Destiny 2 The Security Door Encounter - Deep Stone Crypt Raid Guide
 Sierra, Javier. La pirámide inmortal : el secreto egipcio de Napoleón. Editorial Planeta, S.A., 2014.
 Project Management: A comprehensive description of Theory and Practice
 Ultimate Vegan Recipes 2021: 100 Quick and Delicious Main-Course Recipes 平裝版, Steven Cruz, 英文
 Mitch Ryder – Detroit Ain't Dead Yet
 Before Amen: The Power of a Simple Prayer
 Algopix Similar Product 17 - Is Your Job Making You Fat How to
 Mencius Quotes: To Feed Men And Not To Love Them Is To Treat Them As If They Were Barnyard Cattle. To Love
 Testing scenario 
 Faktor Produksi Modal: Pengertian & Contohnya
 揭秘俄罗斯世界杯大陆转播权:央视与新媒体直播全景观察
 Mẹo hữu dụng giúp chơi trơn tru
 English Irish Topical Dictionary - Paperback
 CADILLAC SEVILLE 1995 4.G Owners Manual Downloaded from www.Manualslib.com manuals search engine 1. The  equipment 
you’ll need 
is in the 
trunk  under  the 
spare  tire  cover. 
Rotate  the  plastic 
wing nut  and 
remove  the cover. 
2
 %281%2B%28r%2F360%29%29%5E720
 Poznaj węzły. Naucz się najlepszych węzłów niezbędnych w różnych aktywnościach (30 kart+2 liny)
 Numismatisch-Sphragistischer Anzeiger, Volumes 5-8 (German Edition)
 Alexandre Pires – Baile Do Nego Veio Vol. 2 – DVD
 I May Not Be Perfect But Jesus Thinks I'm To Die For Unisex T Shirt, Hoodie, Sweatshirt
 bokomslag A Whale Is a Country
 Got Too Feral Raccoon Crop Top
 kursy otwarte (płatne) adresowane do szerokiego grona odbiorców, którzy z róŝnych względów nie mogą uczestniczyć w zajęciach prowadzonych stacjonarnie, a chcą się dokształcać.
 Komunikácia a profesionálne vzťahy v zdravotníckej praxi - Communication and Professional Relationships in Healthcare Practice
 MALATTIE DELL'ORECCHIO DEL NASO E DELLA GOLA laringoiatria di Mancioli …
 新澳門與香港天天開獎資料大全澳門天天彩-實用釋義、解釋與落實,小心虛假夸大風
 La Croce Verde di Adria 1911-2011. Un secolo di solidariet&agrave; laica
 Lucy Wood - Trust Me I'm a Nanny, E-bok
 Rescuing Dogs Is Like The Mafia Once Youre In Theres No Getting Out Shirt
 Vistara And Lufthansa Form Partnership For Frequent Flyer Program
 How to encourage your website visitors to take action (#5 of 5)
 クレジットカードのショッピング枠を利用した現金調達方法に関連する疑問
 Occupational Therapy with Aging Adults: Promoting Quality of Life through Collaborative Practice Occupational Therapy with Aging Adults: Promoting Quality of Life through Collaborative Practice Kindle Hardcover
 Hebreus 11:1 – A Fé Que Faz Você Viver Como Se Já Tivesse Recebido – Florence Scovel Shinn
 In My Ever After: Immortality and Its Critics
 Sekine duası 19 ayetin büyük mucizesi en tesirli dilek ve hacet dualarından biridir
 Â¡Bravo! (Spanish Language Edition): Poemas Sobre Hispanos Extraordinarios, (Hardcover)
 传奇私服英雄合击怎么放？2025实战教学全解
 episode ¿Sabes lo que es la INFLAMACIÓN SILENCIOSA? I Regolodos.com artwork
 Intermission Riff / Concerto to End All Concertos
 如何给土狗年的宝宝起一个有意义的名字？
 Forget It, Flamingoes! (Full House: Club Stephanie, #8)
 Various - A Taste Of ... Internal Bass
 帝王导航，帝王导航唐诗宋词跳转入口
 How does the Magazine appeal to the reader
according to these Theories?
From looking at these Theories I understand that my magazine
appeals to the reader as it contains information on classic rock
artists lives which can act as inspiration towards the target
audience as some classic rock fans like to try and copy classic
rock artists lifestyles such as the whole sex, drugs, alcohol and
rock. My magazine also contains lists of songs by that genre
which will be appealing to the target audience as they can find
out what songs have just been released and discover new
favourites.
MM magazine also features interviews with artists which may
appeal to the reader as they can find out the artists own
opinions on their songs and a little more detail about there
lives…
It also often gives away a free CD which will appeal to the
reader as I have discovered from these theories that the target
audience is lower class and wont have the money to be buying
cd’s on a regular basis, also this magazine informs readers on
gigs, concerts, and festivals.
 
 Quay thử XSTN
· · · · · · ·
Return all data verbatim.

Destiny 2 The Security Door Encounter - Deep Stone Crypt Raid Guide
 Sierra, Javier. La pirámide inmortal : el secreto egipcio de Napoleón. Editorial Planeta, S.A., 2014.
 Project Management: A comprehensive description of Theory and Practice
 Ultimate Vegan Recipes 2021: 100 Quick and Delicious Main-Course Recipes 平裝版, Steven Cruz, 英文
 Mitch Ryder – Detroit Ain't Dead Yet
 Before Amen: The Power of a Simple Prayer
 Algopix Similar Product 17 - Is Your Job Making You Fat How to
 Mencius Quotes: To Feed Men And Not To Love Them Is To Treat Them As If They Were Barnyard Cattle. To Love
 Testing scenario 
 Faktor Produksi Modal: Pengertian & Contohnya
 揭秘俄罗斯世界杯大陆转播权:央视与新媒体直播全景观察
 Mẹo hữu dụng giúp chơi trơn tru
 English Irish Topical Dictionary - Paperback
 CADILLAC SEVILLE 1995 4.G Owners Manual Downloaded from www.Manualslib.com manuals search engine 1. The  equipment 
you’ll need 
is in the 
trunk  under  the 
spare  tire  cover. 
Rotate  the  plastic 
wing nut  and 
remove  the cover. 
2
 %281%2B%28r%2F360%29%29%5E720
 Poznaj węzły. Naucz się najlepszych węzłów niezbędnych w różnych aktywnościach (30 kart+2 liny)
 Numismatisch-Sphragistischer Anzeiger, Volumes 5-8 (German Edition)
 Alexandre Pires – Baile Do Nego Veio Vol. 2 – DVD
 I May Not Be Perfect But Jesus Thinks I'm To Die For Unisex T Shirt, Hoodie, Sweatshirt
 bokomslag A Whale Is a Country
 Got Too Feral Raccoon Crop Top
 kursy otwarte (płatne) adresowane do szerokiego grona odbiorców, którzy z róŝnych względów nie mogą uczestniczyć w zajęciach prowadzonych stacjonarnie, a chcą się dokształcać.
 Komunikácia a profesionálne vzťahy v zdravotníckej praxi - Communication and Professional Relationships in Healthcare Practice
 MALATTIE DELL'ORECCHIO DEL NASO E DELLA GOLA laringoiatria di Mancioli …
 新澳門與香港天天開獎資料大全澳門天天彩-實用釋義、解釋與落實,小心虛假夸大風
 La Croce Verde di Adria 1911-2011. Un secolo di solidariet&agrave; laica
 Lucy Wood - Trust Me I'm a Nanny, E-bok
 Rescuing Dogs Is Like The Mafia Once Youre In Theres No Getting Out Shirt
 Vistara And Lufthansa Form Partnership For Frequent Flyer Program
 How to encourage your website visitors to take action (#5 of 5)
 クレジットカードのショッピング枠を利用した現金調達方法に関連する疑問
 Occupational Therapy with Aging Adults: Promoting Quality of Life through Collaborative Practice Occupational Therapy with Aging Adults: Promoting Quality of Life through Collaborative Practice Kindle Hardcover
 Hebreus 11:1 – A Fé Que Faz Você Viver Como Se Já Tivesse Recebido – Florence Scovel Shinn
 In My Ever After: Immortality and Its Critics
 Sekine duası 19 ayetin büyük mucizesi en tesirli dilek ve hacet dualarından biridir
 Â¡Bravo! (Spanish Language Edition): Poemas Sobre Hispanos Extraordinarios, (Hardcover)
 传奇私服英雄合击怎么放？2025实战教学全解
 episode ¿Sabes lo que es la INFLAMACIÓN SILENCIOSA? I Regolodos.com artwork
 Intermission Riff / Concerto to End All Concertos
 如何给土狗年的宝宝起一个有意义的名字？
 Forget It, Flamingoes! (Full House: Club Stephanie, #8)
 Various - A Taste Of ... Internal Bass
 帝王导航，帝王导航唐诗宋词跳转入口
 How does the Magazine appeal to the reader
according to these Theories?
From looking at these Theories I understand that my magazine
appeals to the reader as it contains information on classic rock
artists lives which can act as inspiration towards the target
audience as some classic rock fans like to try and copy classic
rock artists lifestyles such as the whole sex, drugs, alcohol and
rock. My magazine also contains lists of songs by that genre
which will be appealing to the target audience as they can find
out what songs have just been released and discover new
favourites.
MM magazine also features interviews with artists which may
appeal to the reader as they can find out the artists own
opinions on their songs and a little more detail about there
lives…
It also often gives away a free CD which will appeal to the
reader as I have discovered from these theories that the target
audience is lower class and wont have the money to be buying
cd’s on a regular basis, also this magazine informs readers on
gigs, concerts, and festivals.
 
 Quay thử XSTN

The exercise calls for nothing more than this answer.